The indigenous tribes of the Pacific Northwest, known as the Coastal Salish Tribes, inhabited the area and referred to the peninsula of Olympia as “Cheetwoot” or “the black bear place.” The area is primely located at the tip of Budd Inlet and was a favored gathering site for salmon and shellfish. The name Olympia was given by settlers in 1850 after the view of the majestic Olympic Mountains nearby, and the city was later incorporated in 1859. It became a popular site for maritime commerce on the Puget Sound and the town was built up around the waterfront.
Though technically a mid-sized city, the capital of Washington is known for its small town feel. Here you’ll find an eclectic dining and shopping scene as well as an active arts community. Its picturesque, well-kept downtown is along the waterfront and most of the area is walkable. Evergreen State College, a public liberal arts school, is here and feeds a robust music and entertainment niche. Well-funded schools, a stable job market and educated residents are all contributing factors that make Olympia a desirable locale. Government activity drives most of the growth and “liveability” factors.
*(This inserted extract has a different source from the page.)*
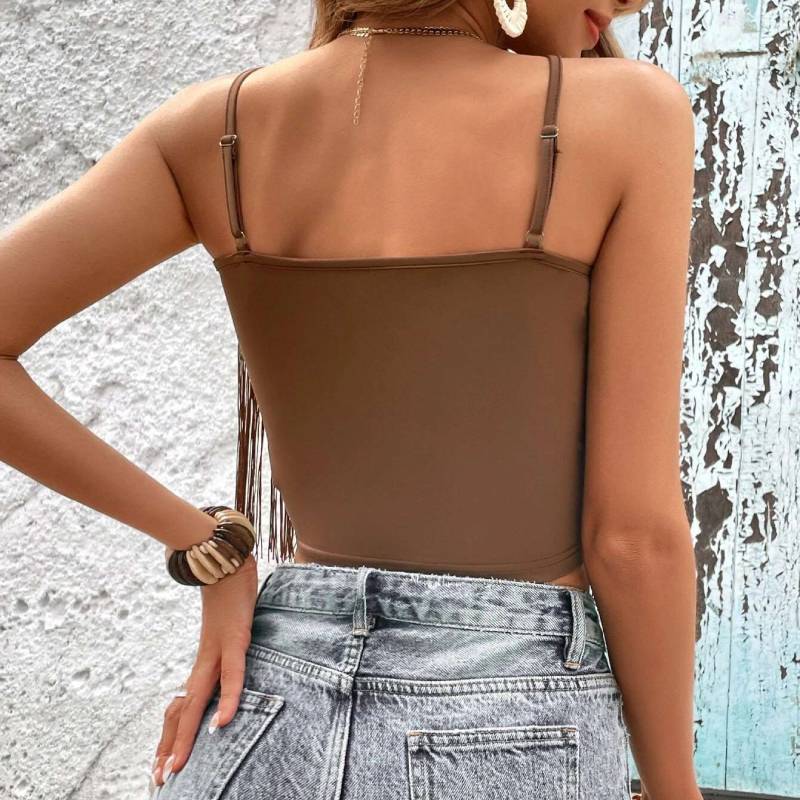 Spring Womens Fringe Camisole With High Elastane For Casual Wear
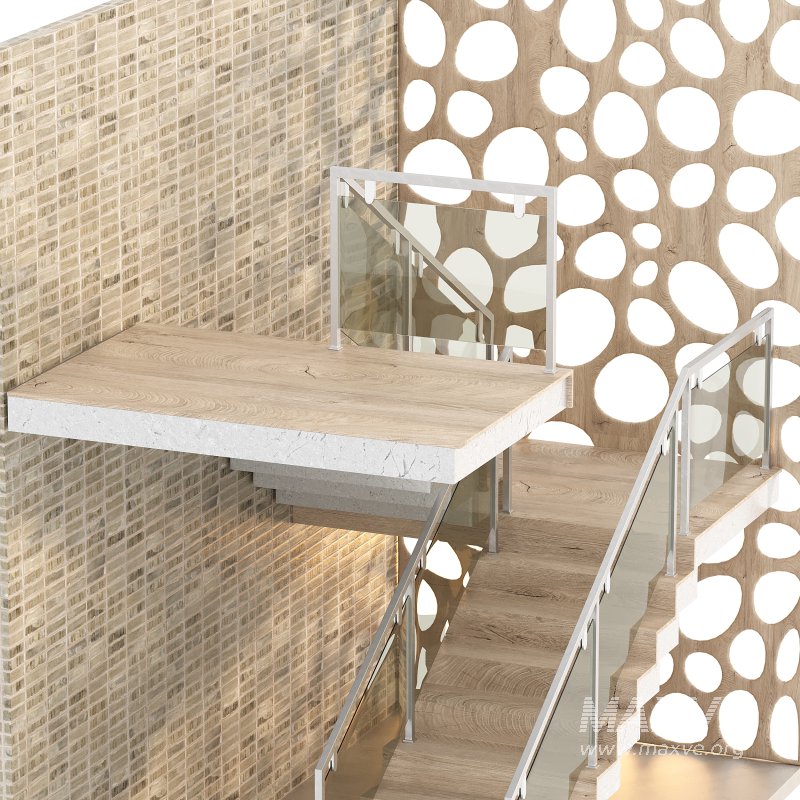 wooden staircase with brick wall - Image 6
Even the Capitol Building is an architectural prize and tourist attraction.
A diverse mix of Washingtonians call Olympia home. You’ll find a healthy mix of students, politicians, professionals, artists, military — you name it!
Olympia is relatively quiet for a capital city. Amenities are abundant and the people are diverse. The area is surrounded by 40 parks and most homes are nestled among the trees.